Этический выбор литературного поколения 60-хРефераты >> Литература >> Этический выбор литературного поколения 60-х
Чтобы стать жителем ИНОЙ жизни, необходимо очистить свое сознание от знаний и принимать мир оглупленно наивным. «Детскость мышления» – это форма псевдоневинного дурачества. За этой блаженной детскостью скрывается намеренное оглупление окружающего мира. Довлатов спорит с формулой Гегеля: ВСЕ ДЕЙСТВИТЕЛЬНО РАЗУМНО. Он сочиняет ирреальный мир, где культ разума свергнут, а в мире царит вакханалия абсурда.

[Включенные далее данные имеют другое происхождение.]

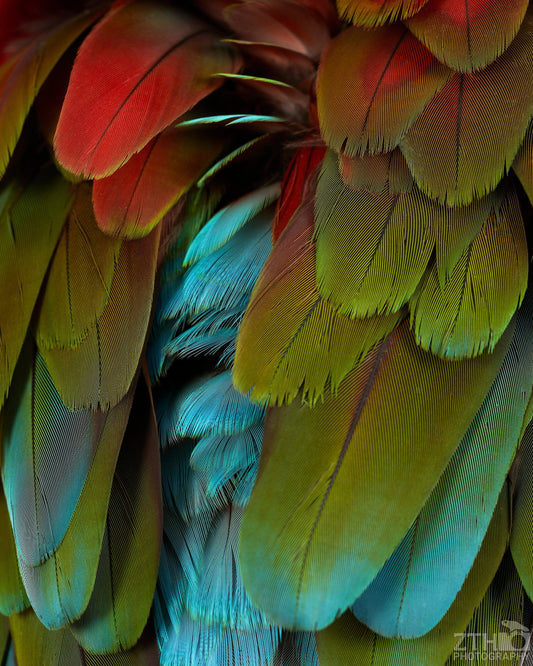 Macaw Feathers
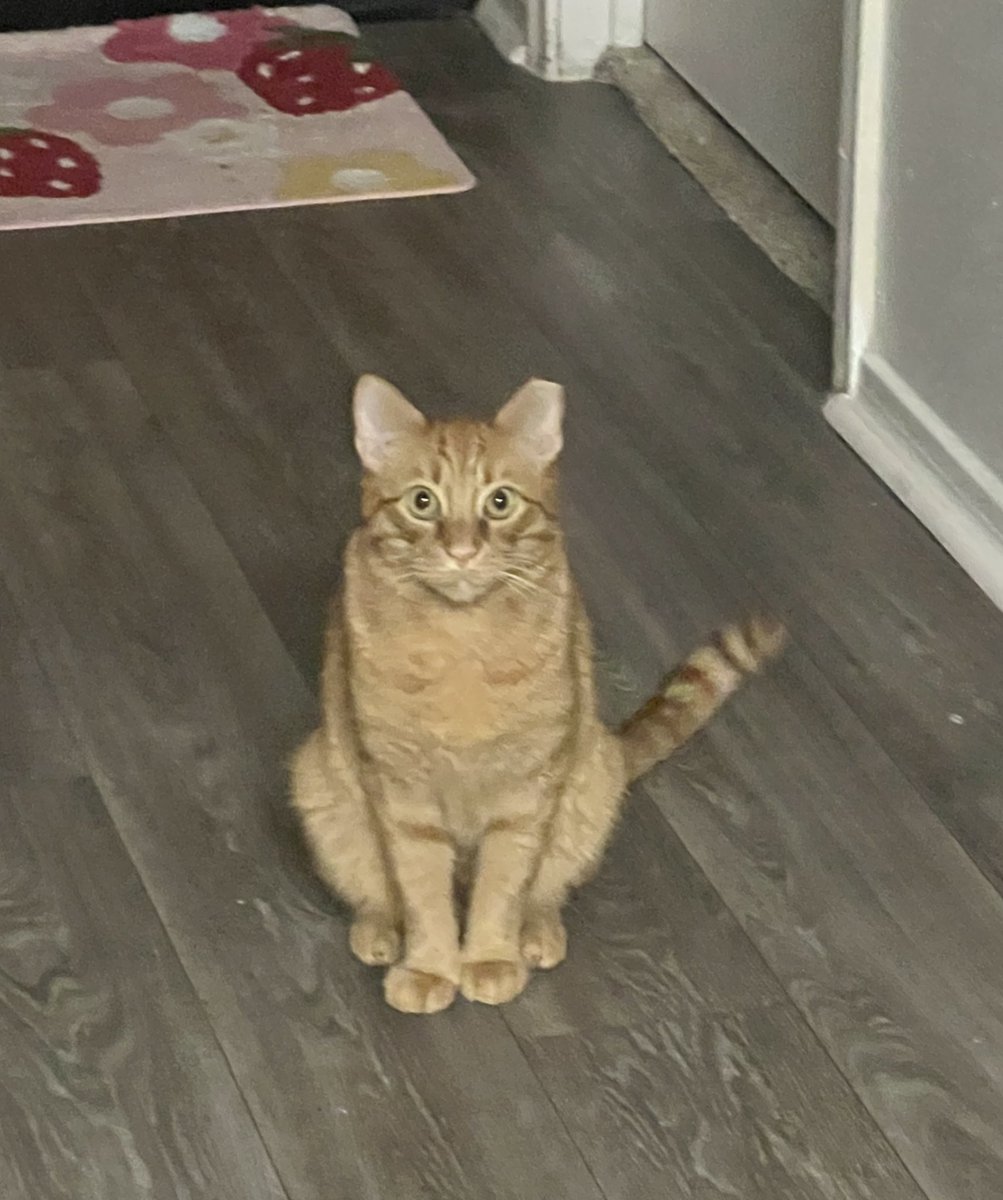 goob 🍞 tweet media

Страсть к разрушению есть творческая страсть. Разрушая, она творит. Стоит вспомнить мысль Жуковского о том, что ум есть низшая способность души, в то время, как высшая ее способность – творчество. Оно свободно, божественно по природе и в руководстве не нуждается. Писатель верит в свободное творчество и вообще верит в чудо. Как для Ионеско, для него мир абсурда – это реализация невозможного. Герой Довлатова надеется найти то, что найти невозможно: «Однажды я бродил по городу в поисках шести рублей» (27,II,25). И что бы вы думали, он их найдет! Герой верит абсурдному миру, но в тоже время и боится его. Абсурдный мир – это мир перевертышей. Героя бесконечно с кем-то путают: история путаницы с Шаблинским; история в редакции, напоминающая эпизод одной из картин Чарли Чаплина: друг – миллионер узнает Чаплина только тогда, когда пьян, в трезвом же виде, к сожалению, нет. Поэтому, когда герой Довлатова влюбляется, он боится проникновения алогичного мира в его жизнь: «Тут у меня дикое соображение возникло, а вдруг она меня с кем-то путает, с каким-то близким и дорогим человеком? Вдруг безумие мира зашло слишком далеко?» (27,I,231). Боязнь этих ужасных карнавальных перемен. Вера в абсурдность, как в счастливую закономерность, породила глубокий лиризм «сентиментальной повести». Герой, несмотря на внешнюю затуманненость, заговоренность действительности, пытается очистить столь запутанный мир абсурда и ответить на один-единственный вопрос: «Кто я такой?».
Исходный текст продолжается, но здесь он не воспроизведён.